I am re-reading Thucydides, this time working my way through Thomas Hobbes’ translation. My edition has a few notes by David Grene that point out examples where Hobbes mistranslated, condensed the Greek, or where Hobbes’ 1628 English might be misunderstood by the modern reading, but by and large, lets “the Hobbesian Thucydides speak for himself.” I am supplementing my reading with Simon Hornblower’s annotations, the maps from the Landmark edition, and using the Loeb Library as a handy source for the Greek. (I should also mention here Hornblower’s overview of Thucydides, although I read that some time ago.)
What impresses me so much is how lucid and subtle the Hobbes translation is – for a translation that is nearly 400 years old. It is, clearly, far superior to the previous translations I have read, and I am not at all surprised that it remains in print. As far as I can tell, the errors are relatively few (fewer than most modern translations have) and Hobbes seems sensitive to the finespun distinctions made by Thucydides.

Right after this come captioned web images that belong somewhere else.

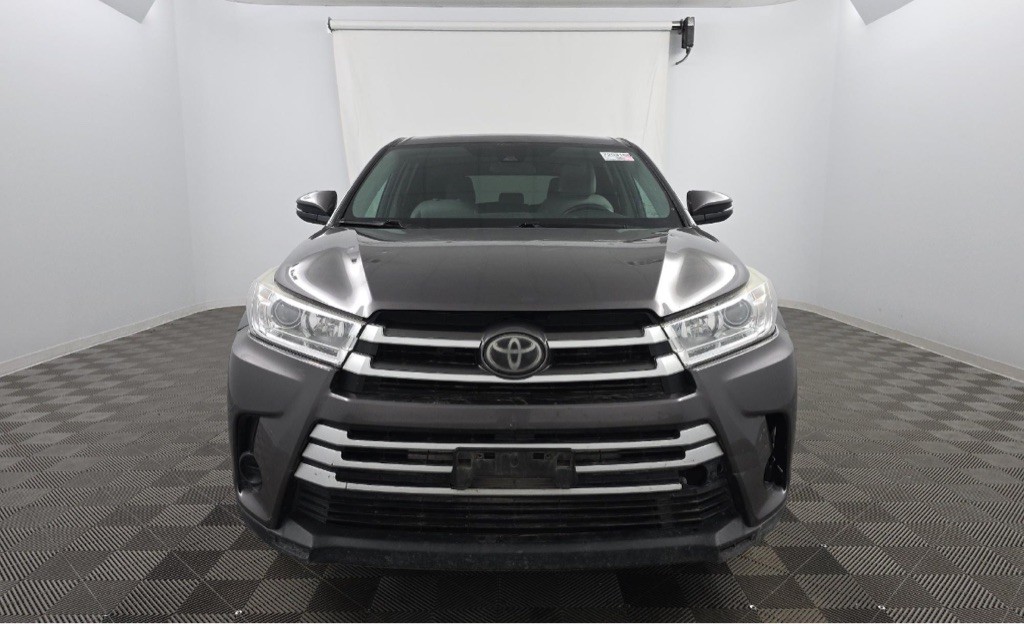 2019 Toyota Highlander Image 2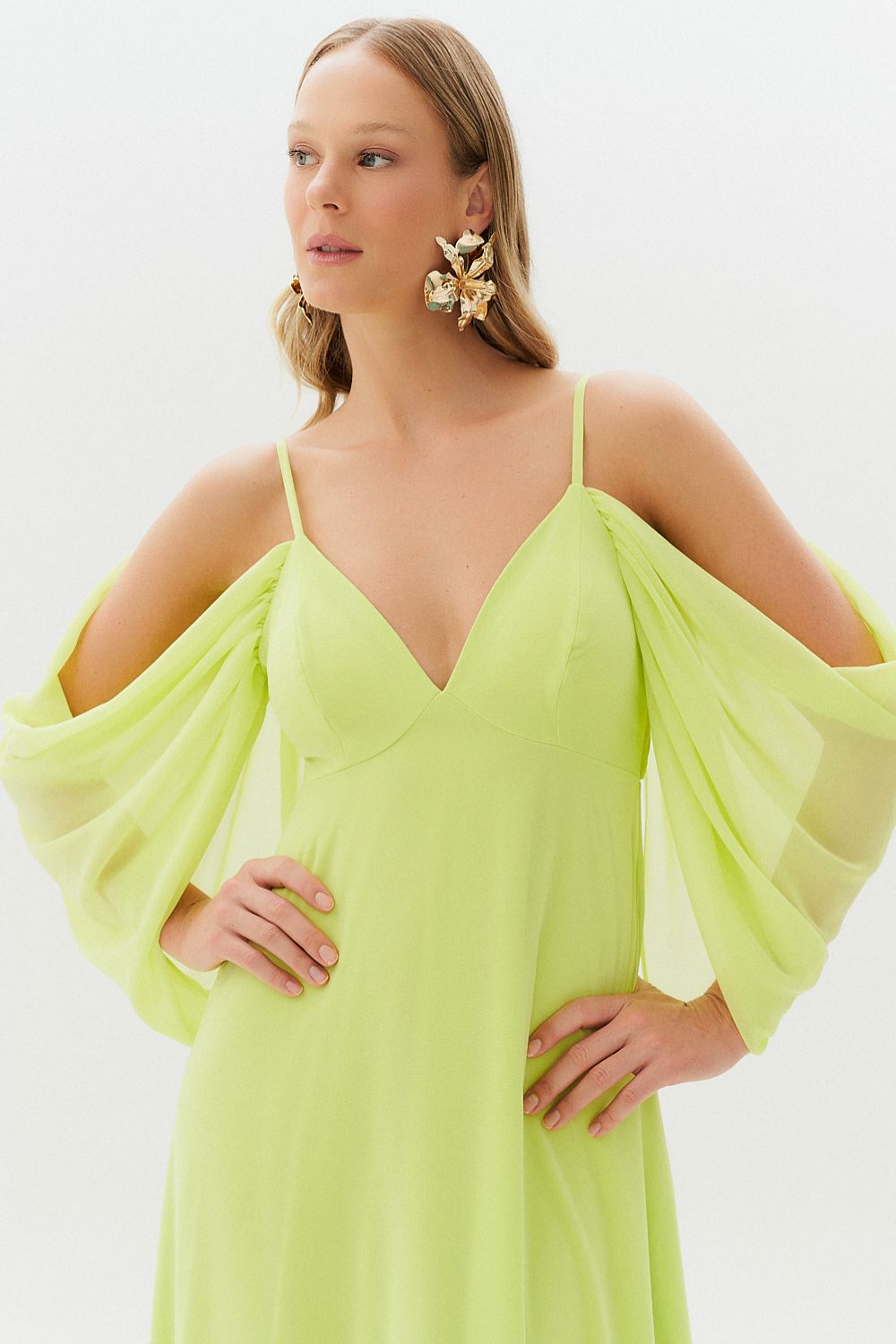 Vestido Longo com Decote V e Manga Caída - Argentina Verde Lima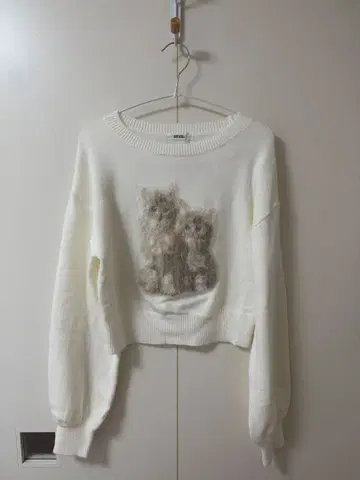 NICE CLAUP 고양이 디자인 니트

I must confess to a fascination to celebrated translations that have a literary life all of their own – I think of Tobias Smollet’s Don Quixote, Thomas North’s Plutarch’s Lives, Chaucer’s [Boethius] Consolation of Philosophy, George Chapman’s Homer – but arguably, all of these have been surpassed by superior translations in the last century (although, in the case of Plutarch, the best recent translations have only been of parts of his work). I’m unconvinced, though, that anyone has improved on Hobbes’ Thucydides.